Perché racconta una bellissima storia d’amore tra fratelli. Il fatto che entrambi siano, contemporaneamente, detentori del titolo di campione del mondo dei pesi massimi (Wba, Wbo, Ibf e Ibo per Wladimir, Wbc per Vitali) la rende assolutamente unica.

Mi piace perché è una storia vera. Mi piace perché se questi due vengono percepiti come robot, di solito, finalmente queste immagini restituiscono loro la passione, la dedizione, il calore, il talento che dovrebbe essergli sempre riconosciuto.

Vitali che dice al fratello ormai grande “I nostri genitori mi hanno detto di prendermi cura di te da bambino, e non mi hanno ancora detto di smettere“, le immagini dell’uno e dell’altro a bordo ring mentre il consanguineo è a pochi metri di distanza al centro dell’azione, commuovono. Almeno me.

Ci vuole coraggio per dire al proprio fratello di andarsene via perché disturba, quando fino a quel momento hai diviso con lui ogni momento della tua vita. Ce ne vuole per toccare sportivamente il fondo, essere bollato da tutti come un perdente e diventare un campione, come ha fatto Wladimir. Il campione, anzi, visto che sembra ormai intoccabile.

Serve un gran cuore per combattere battaglie perse una dietro l’altra nei meandri della politica in Ucraina, accettare questa sfida mettendoci la faccia e talvolta il corpo, sapere di essere forse impotente di fronte a logiche diverse, magari perderla sempre ma non smettere mai di credere che la lotta sia giusta. E tornare dopo anni, e un ritiro dovuto a un grave infortunio, per riprendersi una cintura lasciata senza combattere. Come ha fatto Vitali.

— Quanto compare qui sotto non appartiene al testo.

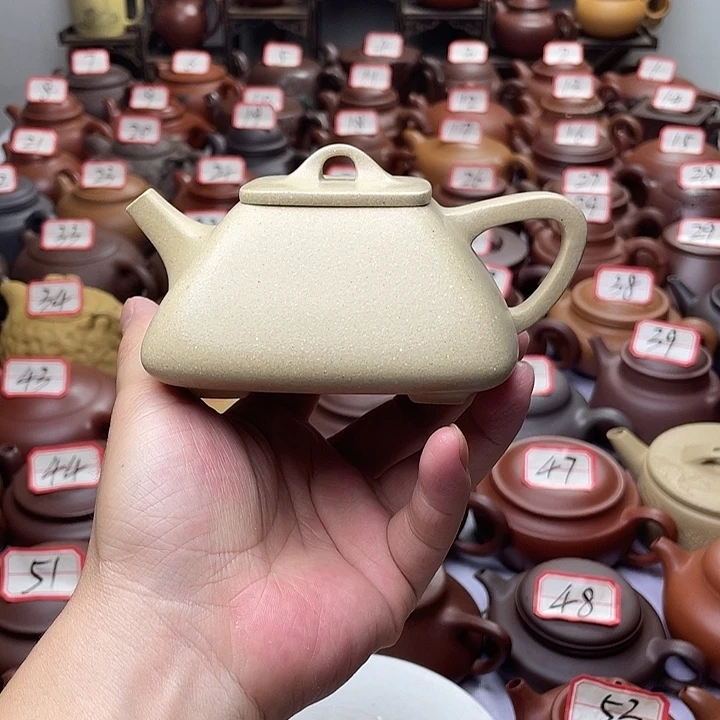 茶壶紫砂宜兴紫砂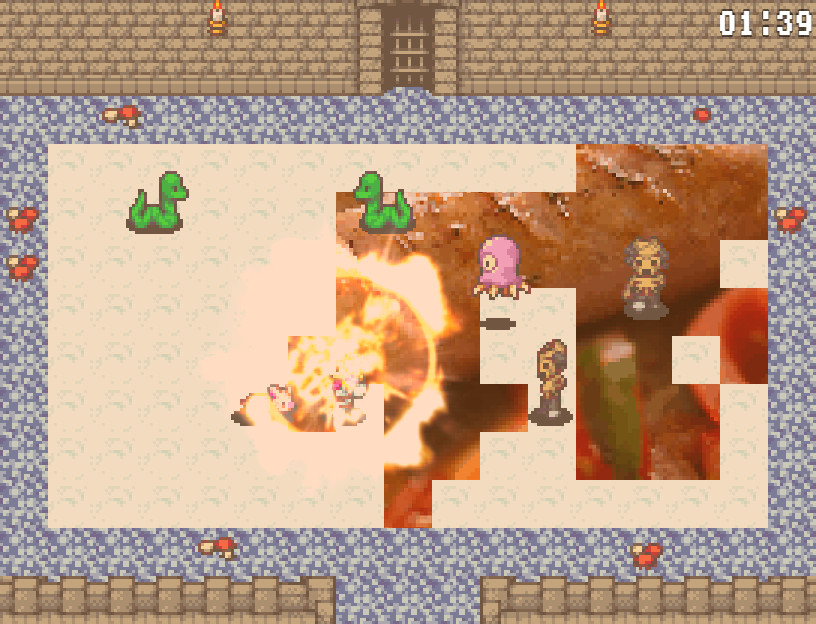 Magical Stock Princess screenshot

Serve un gran carattere per resistere alla dura disciplina di un padre militare quando il mondo era ancora quello dell’Ovest contro l’Est in tutti i campi, quando il mondo era quello di Chernobyl. E quel padre – con spirito di sacrificio – accetterà il suo destino di esporsi a quella contaminazione, ricavandone un cancro che lo ha portato alla morte l’anno scorso. E serve il doppio del carattere per resistere alle tentazioni e alla voglia di cambiare, una volta usciti dall’Ucraina e scoprire che il mondo, là fuori, non sembrava poi così male come era stato descritto.

Serve un orgoglio incredibile per riproporsi sul ring dopo le sconfitte orribili riportate da Wladimir Klitschko contro Sanders e Brewster. Servono due palle così per continuare a combattere come ha fatto Vitali contro Lennox Lewis, finché non lo fermarono con una ferita spaventosa sopra l’occhio sinistro.

Serve un amore infinito per prendere un cellulare in mano e chiamare la mamma appena l’incontro è finito. E per chiedere a lei come sta.

Servono pugni devastanti per battere tutti gli avversari possibili. Serve un gran senso dell’ingiustizia per dire che è colpa di questi due meravigliosi uomini se i pesi massimi e la boxe sono in crisi, come se vincere sempre dominando fosse una colpa.

Per me, il regista Sebastian Dehnhardt ha fatto un bel lavoro nel cercare di raccontare tutto ciò.